> [Recorded data]:
########

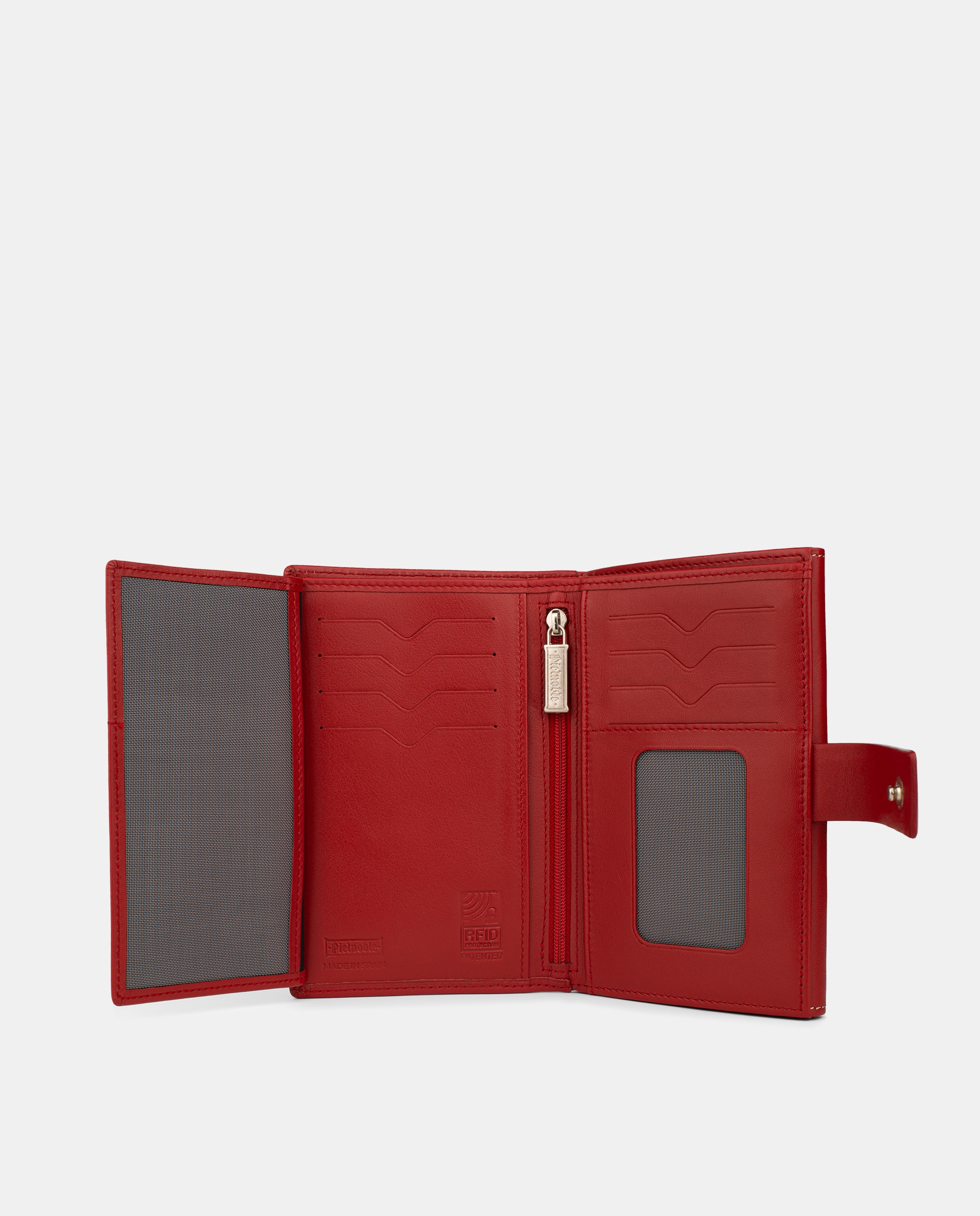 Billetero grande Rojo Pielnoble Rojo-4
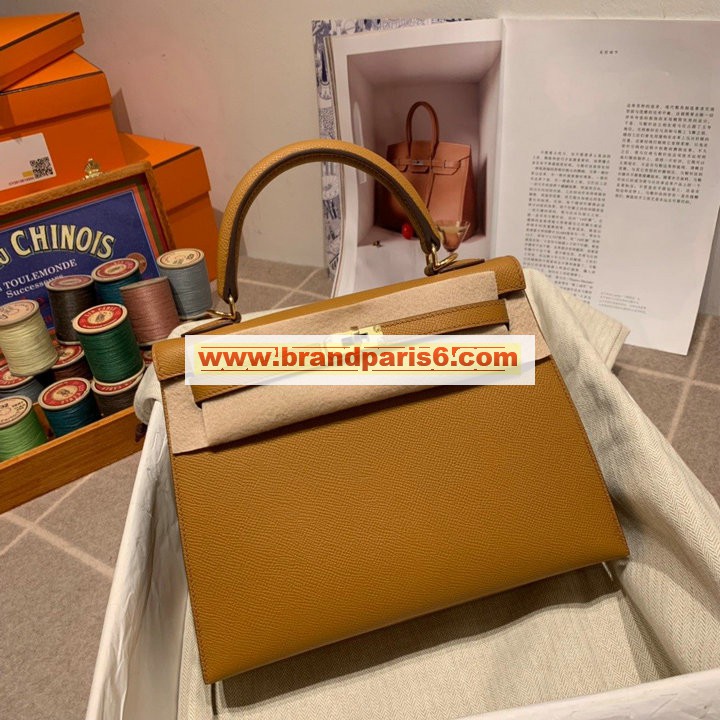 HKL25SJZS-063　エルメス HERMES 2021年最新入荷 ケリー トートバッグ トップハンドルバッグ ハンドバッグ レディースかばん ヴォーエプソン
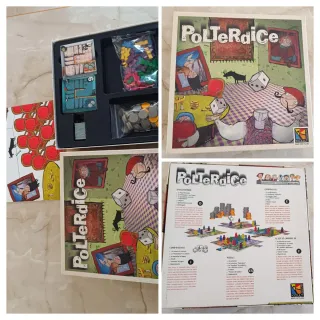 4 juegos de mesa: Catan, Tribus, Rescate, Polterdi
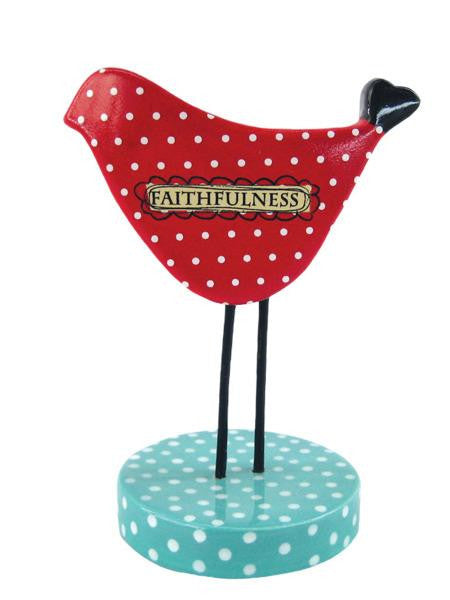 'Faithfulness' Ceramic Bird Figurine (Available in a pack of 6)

########

> [What is expected]:
Give back exactly the lines from the one containing "4 juegos de" through the last line above, both included, and none of the pictures.

> [Result]:
 4 juegos de mesa: Catan, Tribus, Rescate, Polterdi
 'Faithfulness' Ceramic Bird Figurine (Available in a pack of 6)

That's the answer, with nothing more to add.